Your agent works in the demo. It breaks in production. You swap in a bigger model. It still breaks. This was the story repeated throughout AI Engineer World‘s Fair 2026. One team found that expanding their agent’s tool list from 10 to 741 dropped accuracy from 78% to 13%. Same model. It never got dumber. It just got overwhelmed.
Model capability is no longer the constraint. The bottleneck has shifted to how you keep models reliable in production. As one attendee put it: “The model is no longer the hard part.” Most of the conference agenda wasn‘t about which frontier model is smartest — it was about logs, memory, retrieval, evals, tool routing, contracts, and approval gates. The AI race is moving from model capability to engineering deployment.

Agents Are Entering Production — and No One Has the Playbook
Amplify’s industry survey revealed that 95% of respondents are already using agents — double last year‘s number. Among them, 89% said their agents aren’t just reading and writing data — they‘re taking action inside systems. Agents are becoming part of production infrastructure.
But production brings real problems. Observability is the biggest bottleneck. When agents handle real business, “behavior you can’t explain” is the biggest risk. Agents need receipts — verifiable logs of every tool call and decision. One developer described it: “You need to log what the agent saw, what tools it called, why it picked that action, and how to reproduce the result.” A reproducible failure is far easier to fix than a bug you can only describe.
No one has drawn a box around the control layer yet. One presenter said: “No one has put a period on the sentence for the control layer.” The industry is still looking for best practices. Cost is a real constraint. 40% of respondents said AI costs frequently limit their ambitions; another 36% said it happens sometimes. Token consumption is now the second most-monitored metric after output quality. As agents start doing work, token bills surge.
Long-term debt is a growing concern. 59% of respondents worry that today‘s AI-generated code is creating long-term technical debt. AI makes experimentation cheaper and teams more productive, but at the cost of future maintainability. More software is being shipped. Its maintainability isn’t keeping up.

The Loop Debate: Are We Ready for the Software Factory?
The conference‘s most heated debate centered on “loops.” How close are we to a software factory — where AI agents write, review, and deploy code autonomously? The pro side argued that loops are inevitable. Geoffrey Huntley said: “It’s inevitable. It‘s going to be there for the long haul. I don’t see myself going back to hand-coding.” He compared the new role of software engineering to a train driver — keeping the train on the tracks.
The con side warned that the hype is ahead of the discipline. Dex Horthy pointed out that Kubernetes is also built on control loops — but those are deterministic. Agent loops are non-deterministic.
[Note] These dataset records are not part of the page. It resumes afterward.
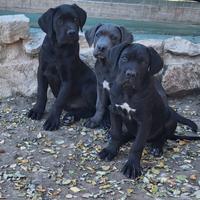 Cuccioli Cane Corso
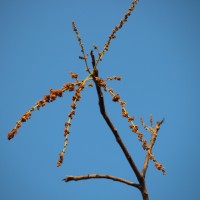 Lannea coromandelica (Houtt.) Merr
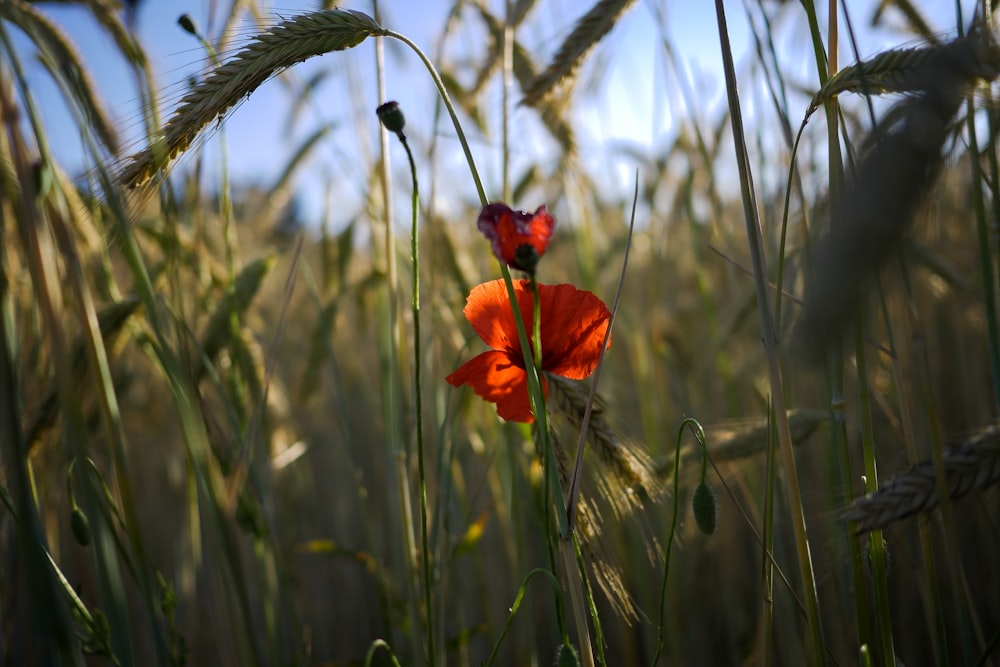 red flower in green grass during daytime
You can‘t predict what they’ll do next. Horthy said: “I haven‘t seen evidence that we’re at the point where we can raise the abstraction layer.” The vote at the end of the debate: the “con” side won by a narrow margin. The industry is still cautious about full automation. But even the skeptics agree that loops are inevitable. The debate isn‘t whether to use them. It’s when and how.

Open Source and the Narrative Shift
Another notable shift at this year‘s conference: international developers are moving from “Does China have AI?” to “Why is Chinese AI growing so fast?” People’s Daily noted that the U.S. still leads in frontier foundation models, but China is building a competitive edge through open-source models, low-cost training, and rapid commercialization.
Z.ai positioned ZCode as a harness for all frontier models — a direct counter to OpenAI‘s Codex. HuggingFace’s Thomas Wolf interviewed the MiniMax team at the conference, and its recently released M3 open-weight model became a talking point. Analysts at the conference noted that AI competitiveness is no longer just about model scale and compute — it‘s about engineering capability, industrial ecosystem, open collaboration, and real-world applications.
P.S. 95% of teams are using agents, but no one has figured out how to manage them at scale. The model is no longer the bottleneck — engineering capability is. The software factory debate isn’t about whether we should build it. It‘s about when and how. The model race is still happening. But the engineering race just started. And the industry is still figuring out the rules.